Start of Block

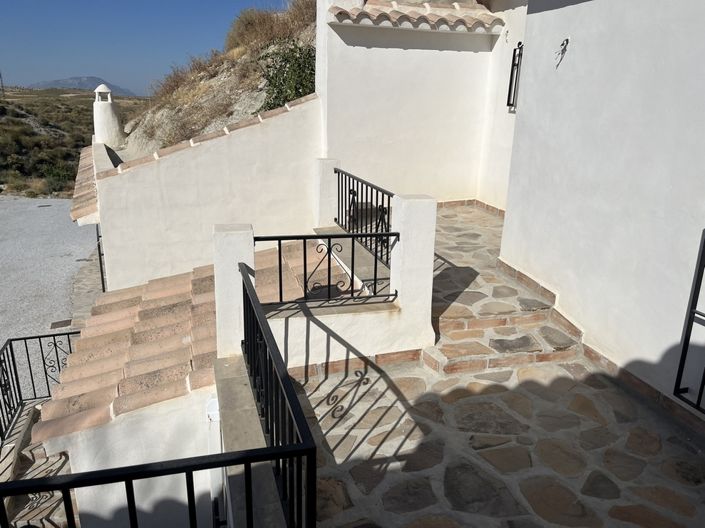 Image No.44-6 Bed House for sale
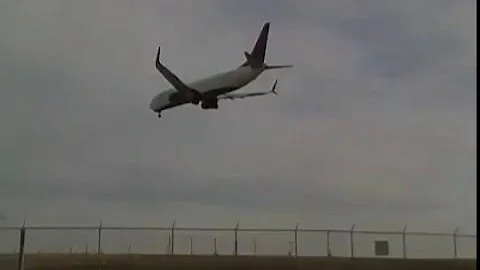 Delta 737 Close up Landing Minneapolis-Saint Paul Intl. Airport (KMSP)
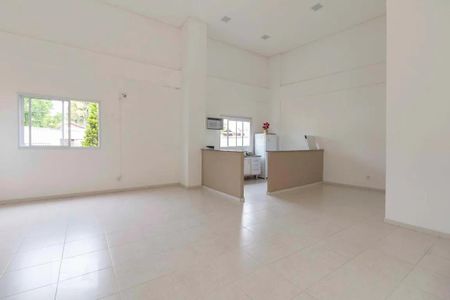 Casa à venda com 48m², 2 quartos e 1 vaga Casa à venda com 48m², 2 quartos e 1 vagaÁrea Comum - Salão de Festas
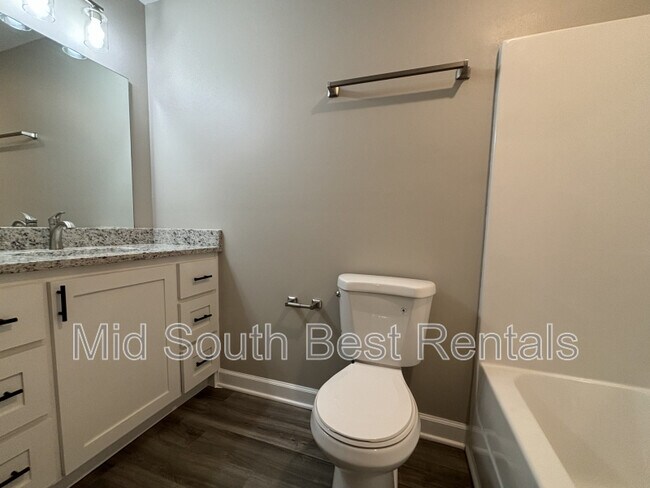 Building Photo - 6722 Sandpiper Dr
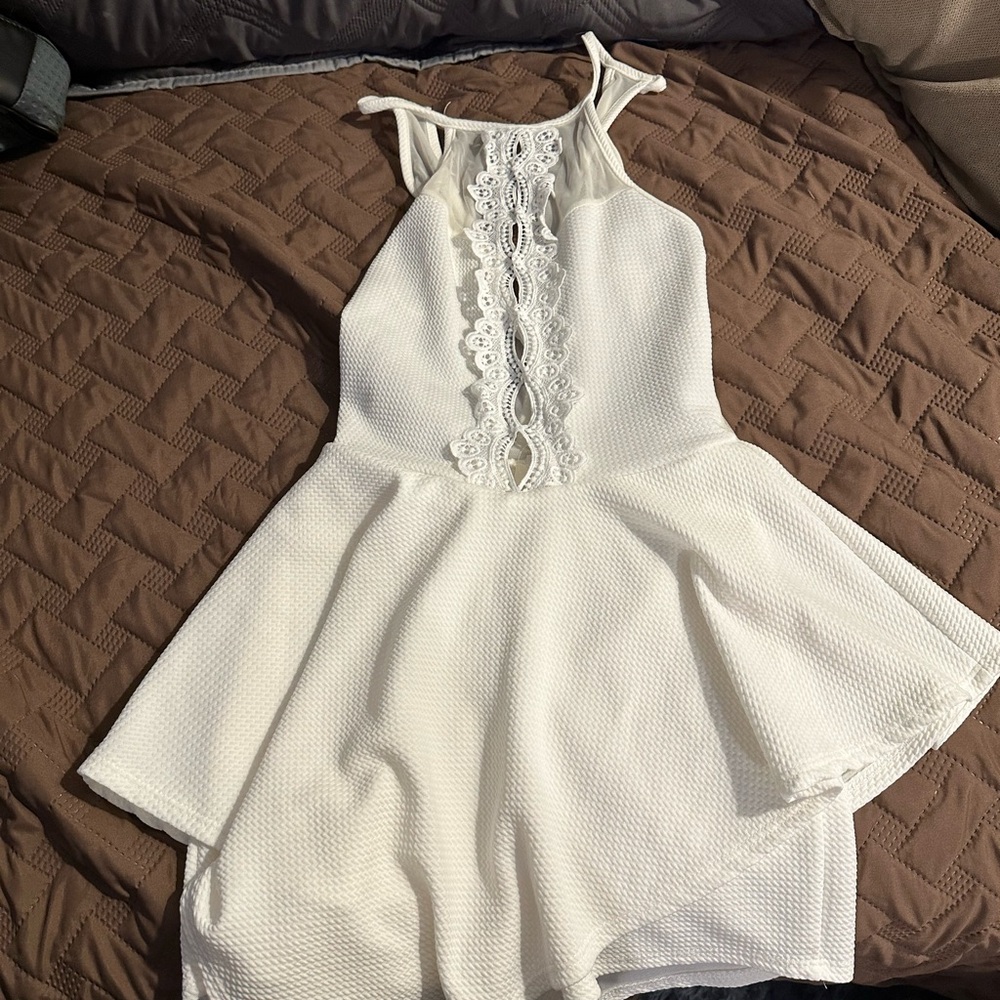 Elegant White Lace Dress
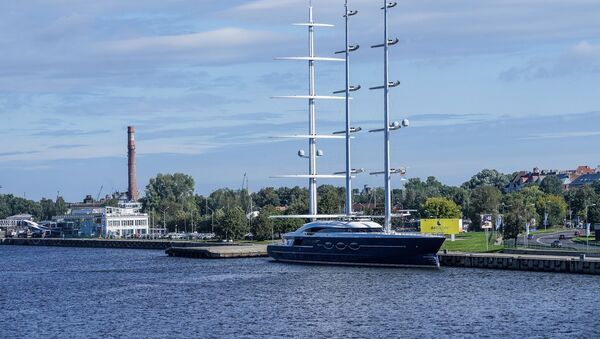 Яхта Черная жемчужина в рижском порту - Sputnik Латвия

End of Block

Needed here is only the span from the line with "Delta 737 Close" through the last line of the entries, copied exactly with both ends and without pictures.

 Delta 737 Close up Landing Minneapolis-Saint Paul Intl. Airport (KMSP)
 Casa à venda com 48m², 2 quartos e 1 vaga Casa à venda com 48m², 2 quartos e 1 vagaÁrea Comum - Salão de Festas
 Building Photo - 6722 Sandpiper Dr
 Elegant White Lace Dress
 Яхта Черная жемчужина в рижском порту - Sputnik Латвия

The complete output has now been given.